President´s statement
2010/11 Operating year – the best since going public.
It is gratifying to be able to report that the 2010/11 financial year was the Group’s best to date. Profit after net finance items amounted to MSEK 137, which is a record, and an increase by 136 percent compared to the year before. The operating margin reached 7.2 percent, the best number ever, and our internal metric for return on working capital reached the goal of 45 percent, which is also the best level since the Company went public. The response from the equity market was very positive, with a gain in the price of the share from SEK 31.50 to SEK 61.75 during the financial year. Together with the dividend, this makes for a total return to the shareholders of just over 100 percent during 2010/11.
Behind these successes are both the improved market situation and our consistently applied long-term strategy. With respect to this strategy, we are seeing that our organisational model with decentralisation and management by objective is becoming increasingly established, we are broadening ourselves into new technology areas with good results, value added rises consistently and we are raising the rate of acquisitions.
Operationally, the year was marked by effective recovery efforts following the recession. Most of the Group’s units raised their sales volumes, increased their value added and strengthened their gross margins. In most cases while retaining the cost base and with a high rate of capital turnover. Here I wish to extend my heart-felt thanks to all dedicated associates for a job fantastically well done, with endless good efforts during the year.
During the year we have also made more acquisitions than before. Twenty-one profit units at the beginning of the year have become twenty-six during the year and we are quite content with the new additions.
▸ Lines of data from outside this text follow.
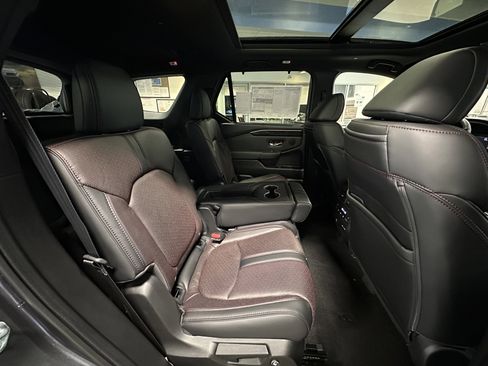 New 2025 Honda Pilot Black Edition image 24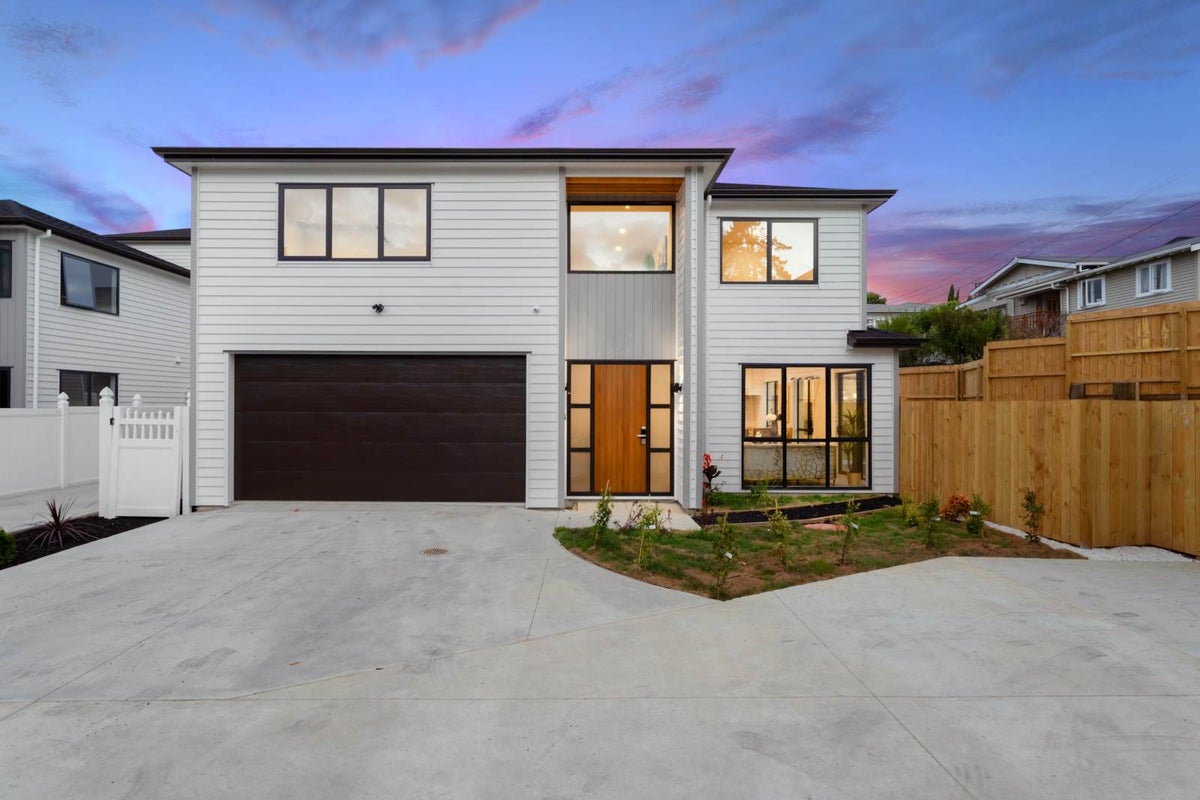 49E Holbrook Street, Blockhouse Bay, Auckland - Carousel 2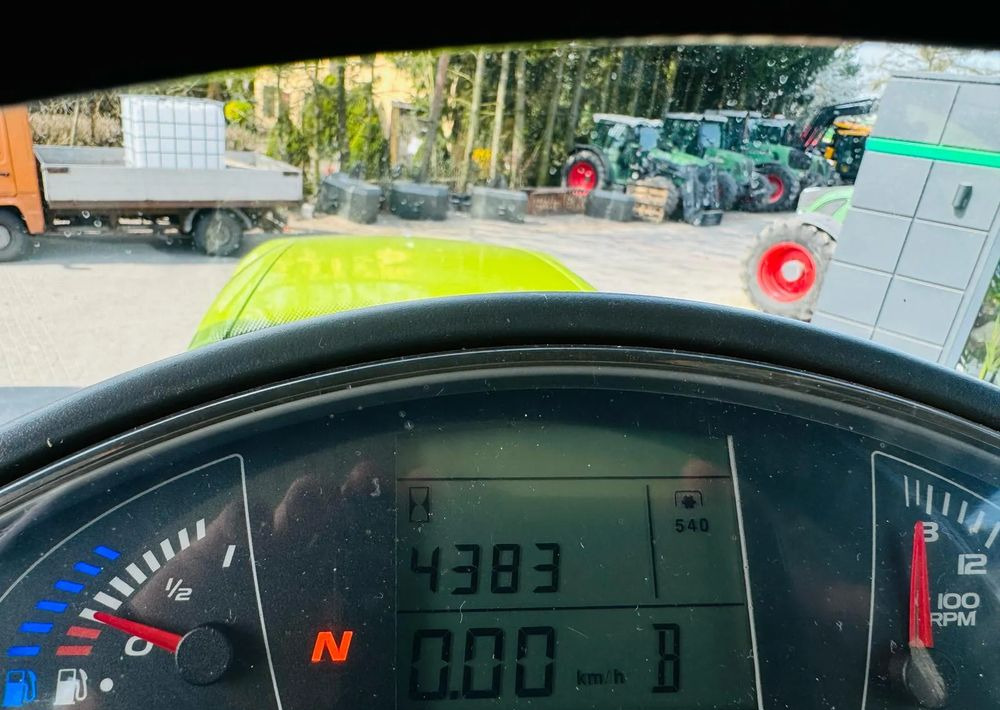 Farm tractor Claas Axion 840
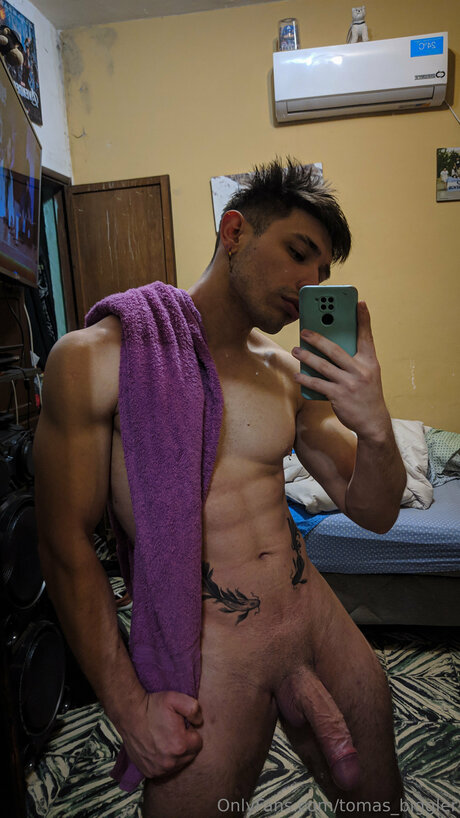 Foto di nudo di fuga di OnlyFans di Tomas Rager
These acquisitions mean that the Group’s portfolio of niched technology companies with strong market positions and good profitability is further strengthened. Three of the five acquisitions are product companies and two are value-adding distributors. We are thus raising the value-added component further and the proportion of proprietary products is closing in on 30 percent in the Group. This share was almost non-existent only a few years ago.
Future
When we look ahead we see great potential in continuing to develop Lagercrantz Group along the chosen path. We will continue with our decentralised model, where each unit works with clearly set goals with respect to earnings growth and profitability. Our focus will remain on value added and we will continue to broaden our operations through acquisitions. Medium and high voltage, technical security and electro-mechanics have been examples over the past few years, but we will be open to other areas as well.